2028 was never MPE's end of life date
December 4, 2017
Even though it was designed in the late 1960s, MPE never had an end of life date. Hewlett-Packard chose to call its end of business deadline for MPE/iX the 3000's end of life. HP was done in December of 2010, but the end of life claim was never true. Now we've learned that not even the expiration of the CALENDAR intrinsic's accuracy, in 10 years from this month, won't make the 3000 die, either.
During the latest CAMUS conference call, a few developers and support providers made the future clear. The year 2028 would not be the moment when a 3000 would fail to boot up and run software including the MPE/iX OS. This was only the year when CALENDAR wouldn't be useful.
"I'm hearing the system won't roll over and die on January 1, 2028," said one 3000 owner during the call.
"Correct," said Doug Werth at Beechglen. "There are some things that may stick at 2027, depending on how the code was written." Some dating features go back to 1900 for the YYYY elements of the date fields. "There are a lot of places in the operating system that still use the CALENDAR format," Werth added.
Support providers can prepare repairs for the places where MPE uses CALENDAR. The seven companies with source code for the 3000's OS, such as Pivital Solutions, can craft more elegant solutions.
Terry Floyd of the Support Group said MANMAN calls CALENDAR in the subroutine SLJDMPE, "which is used all over the place." Floyd has identified and outlined a repair for MANMAN's source code that permits the MPE/iX application to run until 2049.

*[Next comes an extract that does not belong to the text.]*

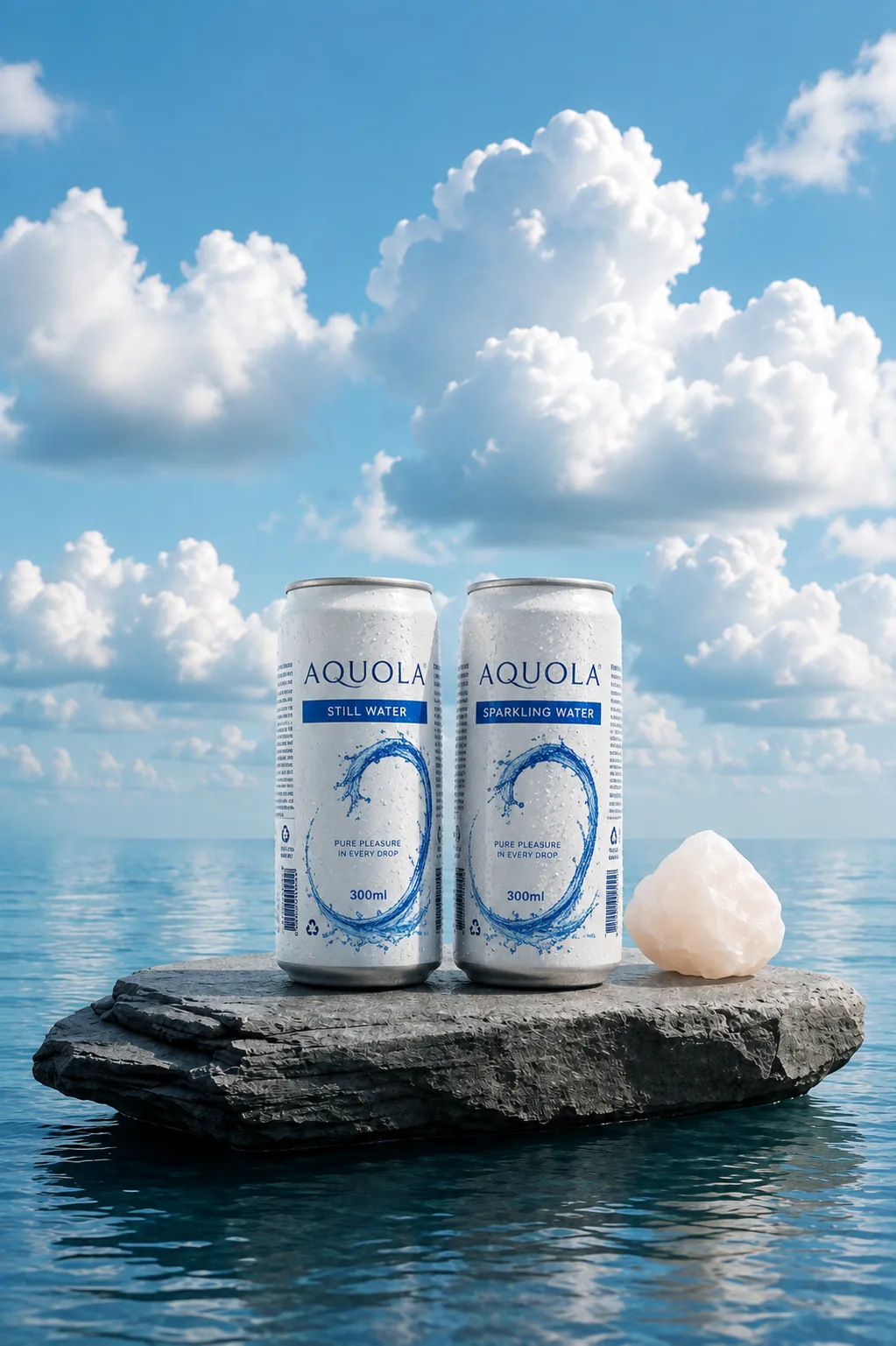 Aquola still and sparkling cans on a rock in calm ocean water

Nobody has had much conversation about another alleged end of life date for alternatives to MPE/iX. Unix and its date handling routines stop being accurate in 2038. It's also true for Linux, which drives a lot of the enterprise applications that have tried to replace 3000 apps, as well as much of the cloud-based servers like Amazon's. End of life is not a phrase used in that discussion, one so prevalent that Year 2038 has its own Wikipedia page.
Embedded Linux is getting some attention for its date failure situation. Linux uses a 64-bit time_t for 64-bit architectures only; the pure 32-bit Application Binary Interface would not be changed due to backward compatibility. Embedded Linux systems would then support 64-bit time_t on 32-bit architectures, too.
At least MPE's CALENDAR will continue to provide the correct date of the correct month on the first day of 2028. A pivot point might be one way to resolve that for any customer who cannot modify application source code. The modification would use HPCALENDAR as a replacement for CALENDAR.
As we expected and hoped, MPE experts are already thinking about how to resolve Y2028. That they'd be doing so here in 2017 should be proof enough that the end of life of MPE/iX is far away. That's not so for the HP 3000—although an emulated 3000 has got a hardware end of life. Stromasys Charon relies on Linux, so there's work afoot to resolve that, too.